------ AVAILABLE DATA

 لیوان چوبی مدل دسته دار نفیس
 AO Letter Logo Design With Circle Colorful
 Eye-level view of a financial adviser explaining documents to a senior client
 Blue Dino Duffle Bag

------------

* TASK PROMPT
When you transcribe the listing, make each line match the original exactly.

* RESPONSE TO THIS TASK
 لیوان چوبی مدل دسته دار نفیس
 AO Letter Logo Design With Circle Colorful
 Eye-level view of a financial adviser explaining documents to a senior client
 Blue Dino Duffle Bag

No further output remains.